Now, remember that DBSCAN is unsupervised learning. So, we don’t provide the labels i.e., the ground truth at the beginning. We let our algorithm find those labels on its own. We need some other libraries like
pandas, matplotlib, and NumPy.
Moving on with visualization you can see that we have got three clusters here. Now our DBSCAN algorithm will try to find the labels on its own.

Python Code:

DBSCAN algorithm is really simple to implement in python using scikit-learn. The class name is DBSCAN. We need to create an object out of it. The object here I created is clustering. We need to input the two most
important parameters that I have discussed in the conceptual portion. The first one epsilon eps and the second one is z or min_samples. Now I have given epsilon as 1 and min_samples as 5. We are just getting the labels of the clusters in the next step.

from sklearn.cluster import DBSCAN
clustering = DBSCAN(eps = 1, min_samples = 5).fit(X)
cluster = clustering.labels_

To see how many clusters has it found on the dataset, we can just convert this array into a set and we can print the length of the set. Now you can see that it is 4.

len(set(cluster))

But what happened?

We saw that our dataset contains three clusters.

The first cluster that is the -1 level represents the noise in this DBSCAN. You can see we just visualize our clusters by this simple piece of code then we will find something like this.

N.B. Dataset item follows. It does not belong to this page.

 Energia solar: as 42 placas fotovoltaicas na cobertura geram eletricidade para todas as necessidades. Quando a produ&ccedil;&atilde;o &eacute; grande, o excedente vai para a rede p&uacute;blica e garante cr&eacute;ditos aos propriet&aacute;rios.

def show_clusters(X, cluster):
  df = DataFrame(dict(x=X[:,0], y=X[:,1], label=cluster))
  colors = {-1: 'red', 0: 'blue', 1:'orange', 2:'green', 3:'yellow'}
  fig, ax = plt.subplots(figsize=(8,8))
  grouped = df.groupby('label')
  for key, group in grouped:
    group.plot(ax=ax, kind='scatter', x='x', y='y', label=key, color=colors[key])
  plt.xlabel('x_1')
  plt.ylabel('x_2')
  plt.show()